**Aim of the task**
An exact copy of every entry below is required, and no picture may appear in it.

**Records shown**
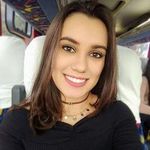 Gabriela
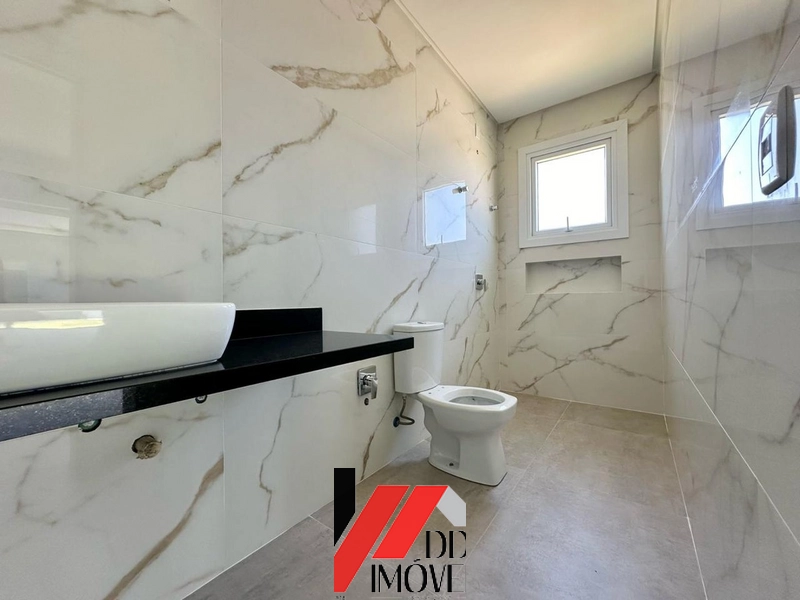 CASA A VENDA NO CONDOMINIO DUBAI!: 19ª foto da galeria de imagens do imóvel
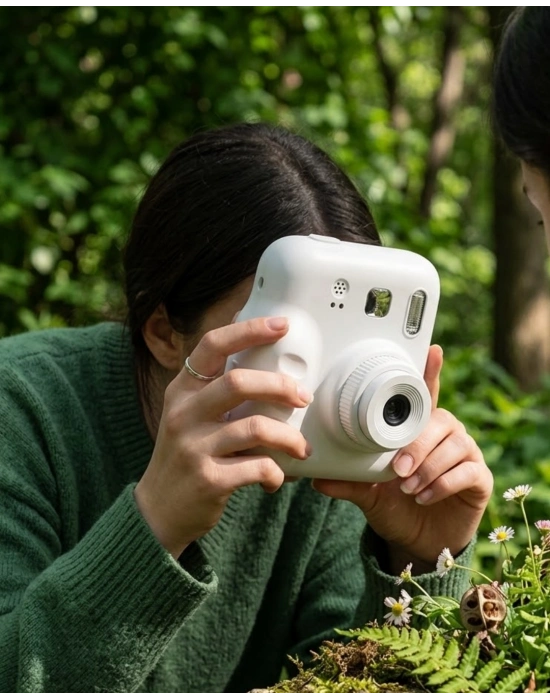 Y300H PRİNTER KAMERA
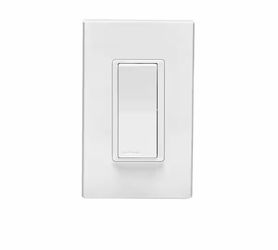 120VAC Decora Digital/Decora Smart Coordinating Switch Remote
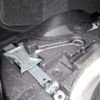 toyota 86 2013 CFJ1601795 image 46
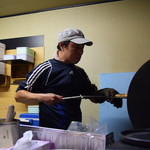 ピッザピッザピッザ - 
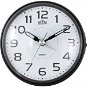MPM-TIME C01.3528.9090 - Alarm Clock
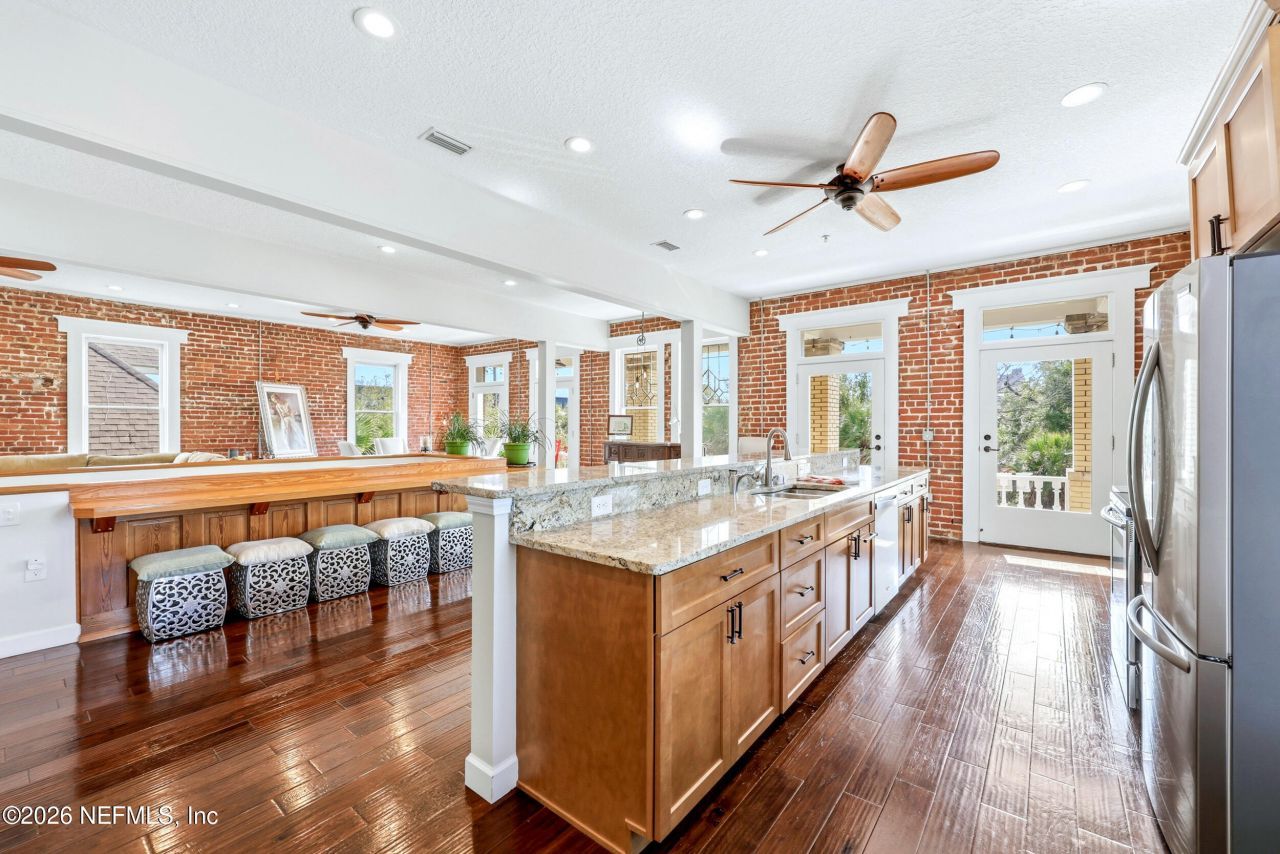 115 2nd Street, Jacksonville, FL 32206 Photo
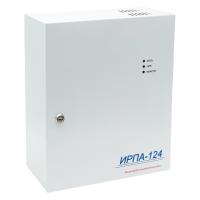 irpa-124-3-6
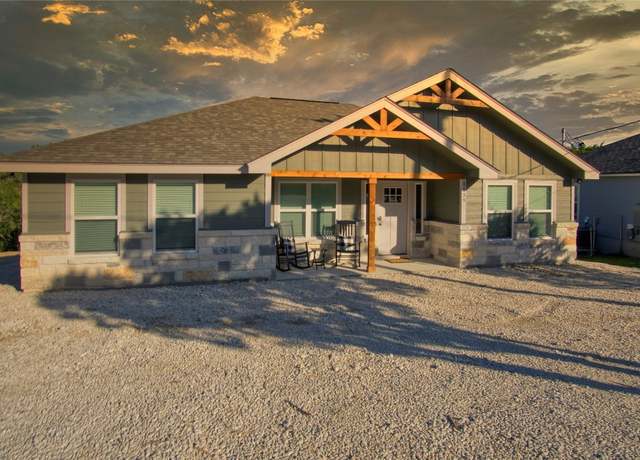 Property at 1139 Cedar Bend Dr, Canyon Lake, TX 78133, 3 beds, 2 baths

**Response to the exercise**
 Gabriela
 CASA A VENDA NO CONDOMINIO DUBAI!: 19ª foto da galeria de imagens do imóvel
 Y300H PRİNTER KAMERA
 120VAC Decora Digital/Decora Smart Coordinating Switch Remote
 toyota 86 2013 CFJ1601795 image 46
 ピッザピッザピッザ - 
MPM-TIME C01.3528.9090 - Alarm Clock
 115 2nd Street, Jacksonville, FL 32206 Photo
 irpa-124-3-6
 Property at 1139 Cedar Bend Dr, Canyon Lake, TX 78133, 3 beds, 2 baths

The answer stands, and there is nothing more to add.